# [WHAT IS REQUIRED]
Wherever "thumbnail" appears in a line of the listing, report that line.

------------

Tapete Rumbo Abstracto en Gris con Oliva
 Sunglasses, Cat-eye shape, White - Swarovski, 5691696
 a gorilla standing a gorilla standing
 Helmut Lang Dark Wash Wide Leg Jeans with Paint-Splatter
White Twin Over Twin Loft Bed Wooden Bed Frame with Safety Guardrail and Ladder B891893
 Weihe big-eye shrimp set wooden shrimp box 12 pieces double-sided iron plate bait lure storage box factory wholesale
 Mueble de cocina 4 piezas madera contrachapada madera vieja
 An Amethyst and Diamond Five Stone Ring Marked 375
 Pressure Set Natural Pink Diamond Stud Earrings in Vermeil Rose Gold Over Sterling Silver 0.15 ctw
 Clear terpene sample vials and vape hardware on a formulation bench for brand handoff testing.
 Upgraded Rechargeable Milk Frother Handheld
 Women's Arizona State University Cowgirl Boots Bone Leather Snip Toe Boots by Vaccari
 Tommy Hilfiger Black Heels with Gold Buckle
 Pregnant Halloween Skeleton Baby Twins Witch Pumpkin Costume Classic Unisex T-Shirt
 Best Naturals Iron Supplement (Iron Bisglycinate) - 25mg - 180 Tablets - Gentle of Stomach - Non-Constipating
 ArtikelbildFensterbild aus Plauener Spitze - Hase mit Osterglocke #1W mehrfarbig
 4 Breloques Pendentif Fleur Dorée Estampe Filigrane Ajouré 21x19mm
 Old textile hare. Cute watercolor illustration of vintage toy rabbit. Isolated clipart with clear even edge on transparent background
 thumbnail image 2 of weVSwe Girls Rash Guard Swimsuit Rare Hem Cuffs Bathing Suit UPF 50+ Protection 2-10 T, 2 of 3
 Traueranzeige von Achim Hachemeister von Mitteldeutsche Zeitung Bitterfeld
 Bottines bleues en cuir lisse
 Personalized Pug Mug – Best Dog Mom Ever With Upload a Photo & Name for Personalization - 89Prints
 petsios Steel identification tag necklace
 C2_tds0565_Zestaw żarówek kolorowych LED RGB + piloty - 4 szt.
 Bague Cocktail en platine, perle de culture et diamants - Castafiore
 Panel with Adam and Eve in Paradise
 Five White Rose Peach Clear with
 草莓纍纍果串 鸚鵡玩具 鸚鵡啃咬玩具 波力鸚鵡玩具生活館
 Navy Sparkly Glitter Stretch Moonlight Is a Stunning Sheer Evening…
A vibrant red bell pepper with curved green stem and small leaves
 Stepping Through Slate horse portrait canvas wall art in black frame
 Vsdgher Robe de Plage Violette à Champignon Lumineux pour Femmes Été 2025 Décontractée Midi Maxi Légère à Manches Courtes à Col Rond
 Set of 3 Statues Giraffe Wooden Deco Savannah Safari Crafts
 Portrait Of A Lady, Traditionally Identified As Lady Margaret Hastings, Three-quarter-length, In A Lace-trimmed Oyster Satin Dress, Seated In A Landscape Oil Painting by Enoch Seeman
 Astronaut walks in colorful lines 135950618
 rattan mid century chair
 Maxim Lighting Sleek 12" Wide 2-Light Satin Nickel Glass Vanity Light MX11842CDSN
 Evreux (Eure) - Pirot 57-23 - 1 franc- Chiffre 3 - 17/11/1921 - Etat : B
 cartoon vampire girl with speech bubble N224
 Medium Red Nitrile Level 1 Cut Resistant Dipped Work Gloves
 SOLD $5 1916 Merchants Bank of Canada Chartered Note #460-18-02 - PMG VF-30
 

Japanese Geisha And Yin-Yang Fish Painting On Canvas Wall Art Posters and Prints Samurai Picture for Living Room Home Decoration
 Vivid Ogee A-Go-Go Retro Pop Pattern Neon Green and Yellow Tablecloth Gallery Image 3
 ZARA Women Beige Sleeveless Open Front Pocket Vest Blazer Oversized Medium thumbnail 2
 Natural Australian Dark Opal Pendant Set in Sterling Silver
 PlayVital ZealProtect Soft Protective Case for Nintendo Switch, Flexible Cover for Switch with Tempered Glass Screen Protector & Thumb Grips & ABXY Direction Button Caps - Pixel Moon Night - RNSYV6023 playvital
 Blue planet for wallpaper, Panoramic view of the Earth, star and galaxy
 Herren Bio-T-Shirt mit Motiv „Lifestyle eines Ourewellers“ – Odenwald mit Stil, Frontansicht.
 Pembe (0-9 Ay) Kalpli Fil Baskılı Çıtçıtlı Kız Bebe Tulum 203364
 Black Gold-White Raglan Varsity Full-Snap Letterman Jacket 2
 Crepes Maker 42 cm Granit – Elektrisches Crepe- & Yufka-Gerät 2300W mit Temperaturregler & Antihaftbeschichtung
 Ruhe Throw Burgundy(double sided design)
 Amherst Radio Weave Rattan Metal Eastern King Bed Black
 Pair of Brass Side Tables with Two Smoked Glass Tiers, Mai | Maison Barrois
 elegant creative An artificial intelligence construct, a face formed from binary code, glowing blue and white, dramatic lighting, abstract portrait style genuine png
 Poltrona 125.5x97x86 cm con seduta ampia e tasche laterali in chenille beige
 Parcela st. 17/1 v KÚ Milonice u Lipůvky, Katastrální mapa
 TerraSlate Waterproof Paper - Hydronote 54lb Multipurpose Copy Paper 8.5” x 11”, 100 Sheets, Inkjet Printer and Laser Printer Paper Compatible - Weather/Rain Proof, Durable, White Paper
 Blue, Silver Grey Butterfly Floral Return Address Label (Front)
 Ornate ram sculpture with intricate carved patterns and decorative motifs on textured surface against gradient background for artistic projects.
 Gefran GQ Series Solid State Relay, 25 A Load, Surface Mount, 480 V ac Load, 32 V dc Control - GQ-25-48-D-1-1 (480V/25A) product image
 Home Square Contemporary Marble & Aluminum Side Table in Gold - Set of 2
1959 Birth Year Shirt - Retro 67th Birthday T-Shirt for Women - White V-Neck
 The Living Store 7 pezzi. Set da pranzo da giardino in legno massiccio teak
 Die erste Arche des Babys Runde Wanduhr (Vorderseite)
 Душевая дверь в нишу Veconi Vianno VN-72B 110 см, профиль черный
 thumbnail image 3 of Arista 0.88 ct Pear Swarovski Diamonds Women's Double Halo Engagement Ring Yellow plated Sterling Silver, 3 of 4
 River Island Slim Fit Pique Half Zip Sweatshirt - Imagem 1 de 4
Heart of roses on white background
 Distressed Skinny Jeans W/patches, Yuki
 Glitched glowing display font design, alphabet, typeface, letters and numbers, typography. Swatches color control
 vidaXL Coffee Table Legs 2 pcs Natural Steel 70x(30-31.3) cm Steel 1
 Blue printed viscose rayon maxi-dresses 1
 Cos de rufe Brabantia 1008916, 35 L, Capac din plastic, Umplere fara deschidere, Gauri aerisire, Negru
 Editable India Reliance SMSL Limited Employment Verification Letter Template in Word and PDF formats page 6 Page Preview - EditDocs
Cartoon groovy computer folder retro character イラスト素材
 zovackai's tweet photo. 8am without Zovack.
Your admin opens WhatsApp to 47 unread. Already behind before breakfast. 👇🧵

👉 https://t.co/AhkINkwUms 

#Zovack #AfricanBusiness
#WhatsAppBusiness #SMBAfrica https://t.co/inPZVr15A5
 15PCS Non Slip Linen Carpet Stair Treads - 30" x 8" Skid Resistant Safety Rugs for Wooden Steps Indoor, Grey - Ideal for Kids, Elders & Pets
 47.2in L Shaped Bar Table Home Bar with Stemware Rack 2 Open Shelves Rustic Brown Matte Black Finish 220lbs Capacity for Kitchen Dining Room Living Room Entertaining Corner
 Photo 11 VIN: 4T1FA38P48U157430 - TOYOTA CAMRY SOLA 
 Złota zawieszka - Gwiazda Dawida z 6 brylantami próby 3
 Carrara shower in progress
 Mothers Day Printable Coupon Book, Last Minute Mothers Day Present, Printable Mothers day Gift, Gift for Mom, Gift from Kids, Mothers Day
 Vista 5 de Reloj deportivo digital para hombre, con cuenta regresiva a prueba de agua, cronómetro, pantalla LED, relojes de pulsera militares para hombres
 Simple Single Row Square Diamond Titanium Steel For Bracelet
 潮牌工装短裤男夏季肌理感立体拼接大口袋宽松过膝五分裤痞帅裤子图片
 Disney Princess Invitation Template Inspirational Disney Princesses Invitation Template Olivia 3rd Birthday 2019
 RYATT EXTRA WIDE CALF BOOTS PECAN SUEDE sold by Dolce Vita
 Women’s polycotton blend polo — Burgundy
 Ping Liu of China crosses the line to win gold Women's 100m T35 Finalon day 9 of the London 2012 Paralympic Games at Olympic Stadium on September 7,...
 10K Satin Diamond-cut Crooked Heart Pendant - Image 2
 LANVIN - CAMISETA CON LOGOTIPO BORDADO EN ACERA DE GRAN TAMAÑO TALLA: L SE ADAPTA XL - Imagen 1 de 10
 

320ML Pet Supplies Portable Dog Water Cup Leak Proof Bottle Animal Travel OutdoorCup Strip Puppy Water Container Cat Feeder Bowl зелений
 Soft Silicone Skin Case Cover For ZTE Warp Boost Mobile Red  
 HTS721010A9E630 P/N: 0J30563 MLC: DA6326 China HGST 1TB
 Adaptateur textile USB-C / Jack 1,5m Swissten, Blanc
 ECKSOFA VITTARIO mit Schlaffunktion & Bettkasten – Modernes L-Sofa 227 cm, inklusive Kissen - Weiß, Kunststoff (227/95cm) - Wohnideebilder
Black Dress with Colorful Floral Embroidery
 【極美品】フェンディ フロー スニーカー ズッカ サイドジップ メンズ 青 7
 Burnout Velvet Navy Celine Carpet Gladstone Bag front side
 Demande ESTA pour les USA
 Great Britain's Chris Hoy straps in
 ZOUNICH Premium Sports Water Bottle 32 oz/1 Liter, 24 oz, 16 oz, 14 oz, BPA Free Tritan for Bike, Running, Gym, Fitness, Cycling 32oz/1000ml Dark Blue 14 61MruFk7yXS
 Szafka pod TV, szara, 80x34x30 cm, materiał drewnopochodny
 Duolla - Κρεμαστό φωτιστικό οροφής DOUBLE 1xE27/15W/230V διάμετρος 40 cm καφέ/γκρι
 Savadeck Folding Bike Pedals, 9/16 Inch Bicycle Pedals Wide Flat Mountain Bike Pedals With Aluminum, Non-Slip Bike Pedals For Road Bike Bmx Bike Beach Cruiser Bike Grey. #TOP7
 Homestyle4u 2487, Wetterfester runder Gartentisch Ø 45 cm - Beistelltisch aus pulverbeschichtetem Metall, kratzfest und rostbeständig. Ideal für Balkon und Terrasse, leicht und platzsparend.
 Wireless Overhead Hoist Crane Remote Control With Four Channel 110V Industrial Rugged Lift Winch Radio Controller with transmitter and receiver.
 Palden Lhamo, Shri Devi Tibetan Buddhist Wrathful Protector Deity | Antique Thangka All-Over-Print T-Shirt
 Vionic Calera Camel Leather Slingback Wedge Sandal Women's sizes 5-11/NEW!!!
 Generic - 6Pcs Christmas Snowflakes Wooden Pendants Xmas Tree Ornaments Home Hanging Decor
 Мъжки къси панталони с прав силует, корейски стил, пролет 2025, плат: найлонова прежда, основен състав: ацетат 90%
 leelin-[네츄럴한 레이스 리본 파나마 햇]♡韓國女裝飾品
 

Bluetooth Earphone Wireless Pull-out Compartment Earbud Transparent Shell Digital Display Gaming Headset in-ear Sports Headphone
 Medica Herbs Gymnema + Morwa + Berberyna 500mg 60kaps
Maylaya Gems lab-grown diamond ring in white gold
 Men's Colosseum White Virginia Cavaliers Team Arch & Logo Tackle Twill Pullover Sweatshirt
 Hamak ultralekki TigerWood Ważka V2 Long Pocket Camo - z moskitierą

------------

# [OUTPUT]
 thumbnail image 2 of weVSwe Girls Rash Guard Swimsuit Rare Hem Cuffs Bathing Suit UPF 50+ Protection 2-10 T, 2 of 3
 ZARA Women Beige Sleeveless Open Front Pocket Vest Blazer Oversized Medium thumbnail 2
 thumbnail image 3 of Arista 0.88 ct Pear Swarovski Diamonds Women's Double Halo Engagement Ring Yellow plated Sterling Silver, 3 of 4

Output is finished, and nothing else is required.